The threat of sensitive data being found on scrap or recycled computers is something faced by everyone from large businesses to the home user. Deleting a file in your operating system isn’t quite what it seems to most people unfortunately. When you remove a file, your computer simply marks the area where the file sat as free for reuse. Gradually as you save more files to your disk, these areas are overwritten. However, much like someone pasting a poster over older signs on a shop window, some of the original information can still be seen if the new file is smaller.

As a security company we are constantly asked by our clients for advice in correctly disposing of disks. A common method employed is to ‘shred’ the disks, physically destroying them beyond repair. Whilst this is the most reliable way to destroy data, it is very wasteful. Removing a disk from a computer or laptop often renders the device unusable. A new owner would have to source a disk and fit it, meaning that the potential resale value of the device is greatly decreased.

We hate to see fully functional computers end up in landfills just because they’re a few years off the trend. To avoid this, we use a series of hardware and software tools to securely wipe the data while leaving the disks physically undamaged. As part of our ongoing research, we are constantly exploring new methods for comprehensive wiping and reducing the time taken as disks have rapidly grown in size.

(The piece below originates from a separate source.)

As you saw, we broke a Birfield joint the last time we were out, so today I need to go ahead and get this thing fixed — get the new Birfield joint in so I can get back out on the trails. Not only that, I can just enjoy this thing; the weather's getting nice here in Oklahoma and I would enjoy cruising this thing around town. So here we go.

Our most recent research on this has been conducted in partnership with Bangor University and the initial findings were recorded in a dissertation published by J. Smith. The project has proved very successful so far with our tools wiping disks in half the time of a traditional high-security cleanse. The most impressive results saw us able to wipe SSD hard disks in less than 10 seconds. We are constantly working in this area and hope to produce some useful tools for everyone to use in the near future.

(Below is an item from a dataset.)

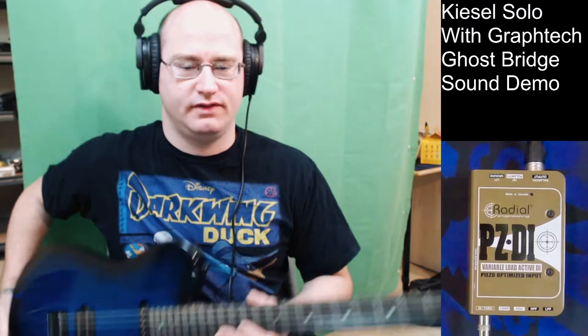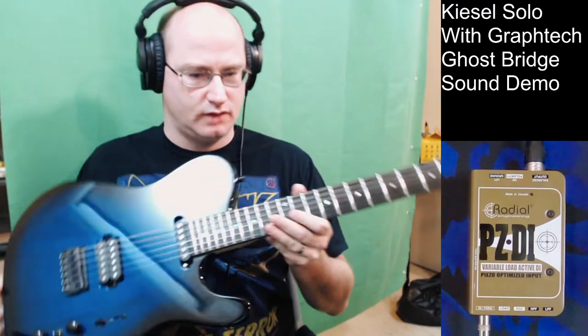Hello, everyone. Today I'm going to do a quick demo of this Kiesel Solo 6-string.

Fovea –Forensic Visual Analytics

Digital forensic investigations can produce hundreds of pages of data that can be difficult to understand. This project aims to produce a set of tools to visualise the data, allowing investigators to spot patterns and non-technical observers to easily understand the evidence.

The project is looking at several areas of forensic and security data sources. The first application we have developed imports a file exported from a web browser history extraction tool and visualises the activity in a way so that patterns may be easily identified.

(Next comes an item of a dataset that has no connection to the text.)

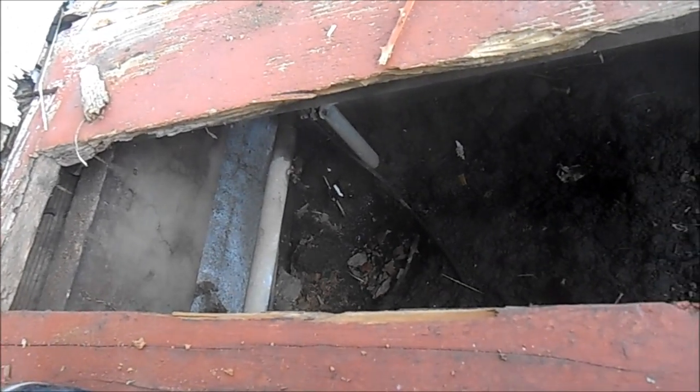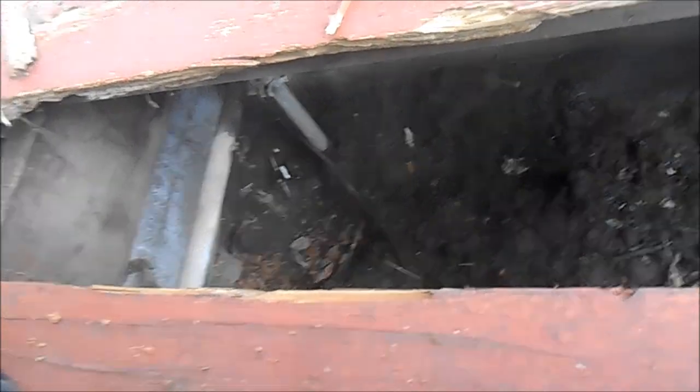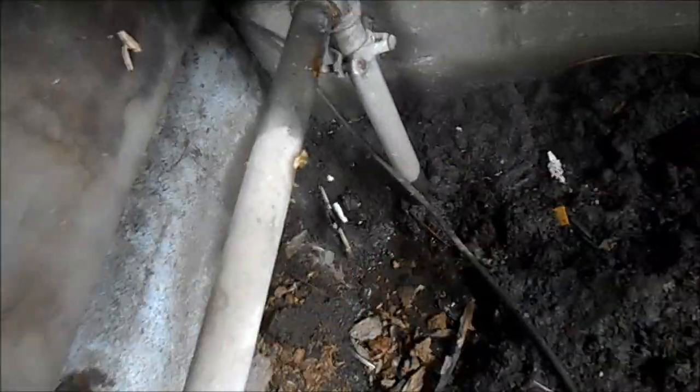I hear it. I've still got a leak somewhere under this rotted deck. That's right there.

Whilst the project is primarily looking at novel ways to illustrate security data, it is our hope that this project will lead to a small collection of tools. These will be made available to the community to use during investigations.

The initial research has been presented at the UKVAC Workshop on Visual Analytics, University College London in the paper “Forensic Visual Analytics of User Computing Activities” Ellis, Pritchard & Roberts.

 

NMap Graphical Analyser

The Open Source tool Nmap is an extremely powerful tool for mapping networks and identifying potential rogue hosts.

Our tool reads the XML output file from a scan and visualises the data as a virtual map of the network. This allows easy interrogation and reporting.

The user can move objects within the diagram to help match the physical layout of the servers or to fit a preferred layout pattern. Once happy with the diagram, the user can export it as an image to be included in reports.

Clicking on a host reveals further information about the system scanned, including open ports, operating system and other signatures.

This project is hosted on Java.net under the GPL license. If you would like to get involved with the current development version please get in touch.


Forensic Live CD

Having the ability to make forensic images of systems on-site can avoid disruption and distress. So called ‘live CDs’ allow an examiner to boot up a system from an operating system running entirely off a CD.

Our aim is to develop a live CD that is small, fast and simple to use. The entire operating system and tools total less than 50MB, making the CD fast to boot without all the unnecessary software often included on regular live CDs. The research involved in building a forensically sound operating system was detailed in a dissertation submitted to the University of Chester by B. Arnold.

To accompany this CD, we have conducted research into the most efficient methods of acquiring data across a network using a dynamic and robust set of protocols to ensure consistency of data whilst providing the maximum transfer speeds. The CD automatically locates the evidence store and manages all the network data transport.

Using a system of authenticated auto-discovery, investigators can simply connect a data storage box to the network and all systems booted with the live CD will find it.It runs constant checksums to ensure that the data being received exactly matches the original source data. This work was published as part of a dissertation by J. Nachtigall, Glwyndwr University.